Background: Adductor spasmodic dysphonia (SD) is a dystonia of the vocal folds causing difficulty with speech. The current standard of care is repeated botulinum toxin injections to weaken the adductor muscles. We sought to ameliorate the underlying neurological cause of SD with a novel therapy-deep brain stimulation (DBS).
Objective: To assess the safety of DBS in SD through phase I trial, and to quantify the magnitude of any benefit.
Methods: Six patients had left ventral intermediate nucleus (Vim) thalamic DBS and were randomized to 3 mo blinded-DBS "on" or "off" followed by a crossover. Primary outcomes were quality of life and quality of voice during the blinded phase. Patients continued with open-DBS "on." Secondary outcomes were comparisons of pre- and 1-yr cognitive, mood, and quality of life. This trial was registered with ClinicalTrials.gov (NCT02558634).
Results: There were no complications. Every patient reported an improvement in quality of life (P = .07) and had an improvement in quality of their voice (P = .06) when their blinded DBS was "on" versus "off." The trend did not reach statistical significance with the small sample size. Secondary outcomes showed no difference in cognition, an improvement in mood, and quality of life at 1 yr.

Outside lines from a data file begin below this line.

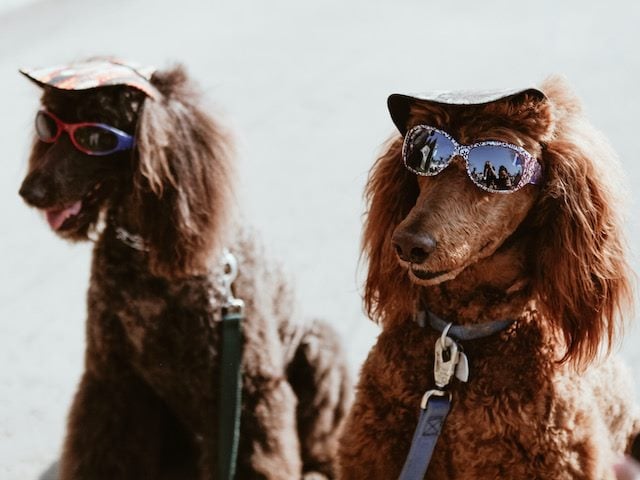Brice Dunwoodie (@bdunwood) on Twitter photo Generative AI Is Cool, But It Isn't Corporate (Yet) by <a href="/waynaldo82/">Wayne Butterfield</a> #digitalworkplace reworked.co/digital-workpl… Generative AI Is Cool, But It Isn't Corporate (Yet) by <a href="/waynaldo82/">Wayne Butterfield</a> #digitalworkplace reworked.co/digital-workpl…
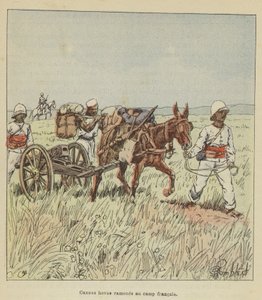 Cannons hovas带回了法国营地 作者 在路易斯·查尔斯·轰炸之后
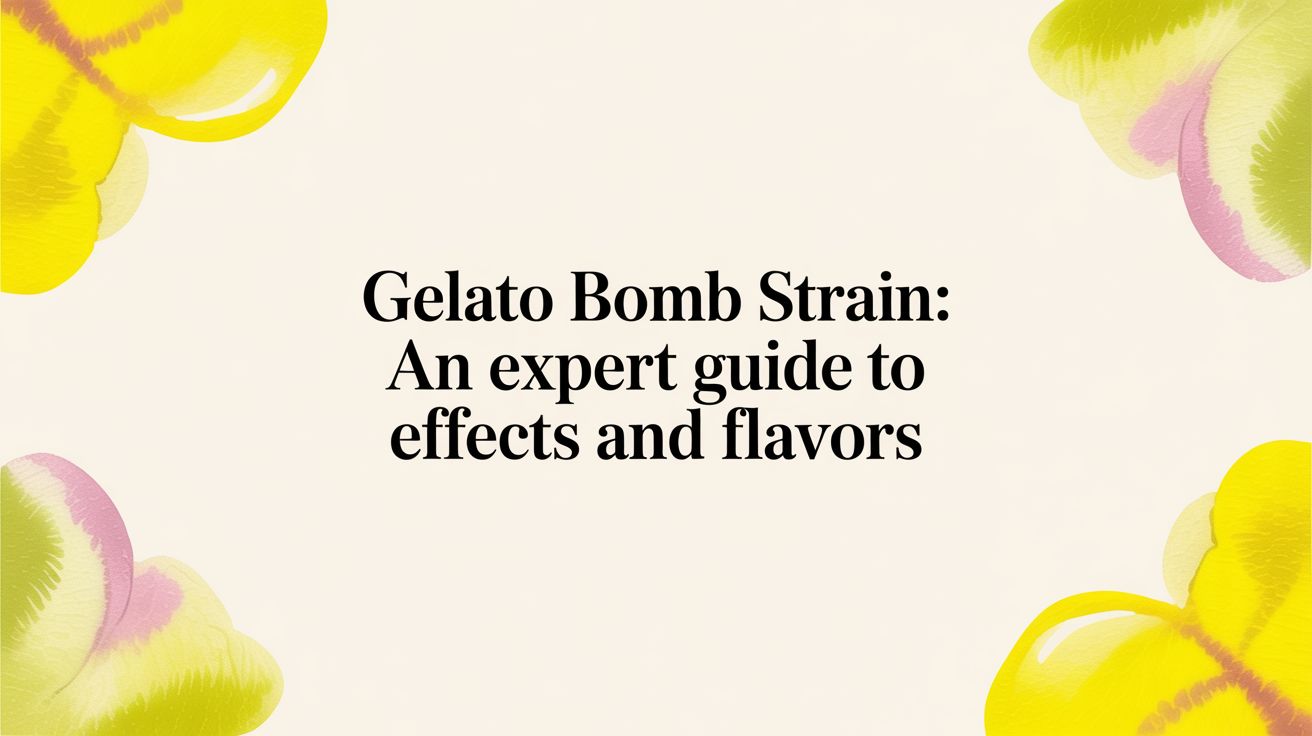 Gelato Bomb Strain: An Expert Guide to Effects and Flavors
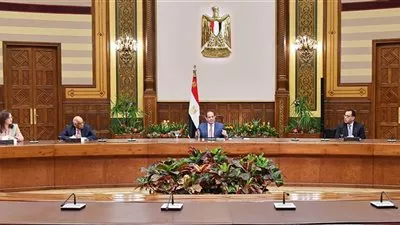 السيسي: ضم العلاوات الخمس لأصحاب المعاشات بنسبة 80% من الأجر الأساسي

Conclusion: This phase I randomized controlled trial confirmed that DBS can be performed safely in patients with SD. Blinded DBS produced a strong trend toward improved quality of life and objective quality of voice despite the small sample size. The cerebellar circuit, not the pallidal circuit, appears to be crucial for motor control of the vocal folds.
Keywords: Deep brain stimulation; Quality of life; Randomized control trial; Spasmodic dysphonia.
© Congress of Neurological Surgeons 2021.